A quand un retour à la normale d’après vos prévisions ?

Difficile de faire des prévisions dans ce sens pour le moment. Tout dépend de la sortie de crise. Les économistes avaient prévu une inflation, depuis quelques temps. Mais, on ne s'attendait à en arriver là. Nous espérons pouvoir retrouver des équilibres dans le futur pour revenir à des prix corrects.

Quel impact sur le secteur de l’immobilier ?

Le secteur immobilier souffrait déjà même avant cette crise pandémique. Aujourd’hui, l’impact sera de 5 à 10% sur la valeur globale des biens, puisque les matériaux de seconde œuvre n’ont pas été fortement impactés par cette tendance. Les promoteurs vont certainement prendre en compte cet élément dans leur calcul. Mais cela ne va pas être tellement déterminant au point de créer un déséquilibre.

Face à cette hausse constatée au niveau des prix de matériaux importés, le Maroc ne pourra t-il pas mettre en place une industrie forte qui lui permettra de réduire son indépendance vis-à-vis de l’extérieur?

Le Maroc fait partie d’un club très fermé des pays qui produisent 99% de leurs besoins pour l’acte de bâtir. Nous avons une industrie sidérurgique importante, une industrie cimentière capable de produire 21 millions de tonnes alors que nous ne consommons que 12 à 13 millions, nous disposons également de plus 80 briqueteries, de nombreuses usines d’aluminium, marbreries et unités de céramique sanitaire qui nous permettent de produire l’équivalent de 5 millions de pièces par an.
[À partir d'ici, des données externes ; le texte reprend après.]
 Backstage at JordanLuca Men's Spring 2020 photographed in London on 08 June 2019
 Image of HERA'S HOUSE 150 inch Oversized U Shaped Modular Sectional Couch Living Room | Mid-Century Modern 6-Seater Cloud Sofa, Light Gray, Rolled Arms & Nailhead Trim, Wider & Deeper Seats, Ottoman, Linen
Aussi, nous comptons près de 120 millions de carreaux produits au Maroc et malgré cela nous importons près de 30 millions pour diverses raisons...En gros, le Maroc dispose déjà d’une industrie locale performante et exporte même bon nombre de produits vers d’autres destinations. Toutefois, pour certains matériaux comme les billettes d’acier, les opérateurs cherchent certes à s’approvisionner d’abord localement mais sont obligés de recourir au marché international pour répondre à leurs besoins. Dans le monde entier, les sidérurgistes n’ont pas suffisamment de demande pour installer une industrie qui va aller de la mine jusqu’au produit final. De plus, il y a des pays qui sont capables de produire moins cher que nous dans ce domaine.

Justement, sur ce point, face à l’évasion de certains produits en provenance de pays comme la Turquie, le produit marocain n’est pas compétitif. Qu’en pensez-vous ?

Si le produit local n’est pas compétitif par rapport aux produits turcs particulièrement, c’est à cause de la politique commerciale agressive adoptée par ce pays. D’autant plus que les producteurs bénéficient de subventions et autres avantages de la part de leurs pouvoirs publics qui leur permettent de vendre à des prix cassés. Aujourd’hui, nous avons réussi plus au moins à contenir un certain nombre d’importations en provenance de ce pays dans le secteur des matériaux de construction notamment pour le marbre et autres produits...Et nous encourageons aussi les marbriers marocains à opter pour le produit local dans le cadre des écosystèmes miss en place. Les résultats jusque là sont satisfaisants. Et on avance dans ce sens.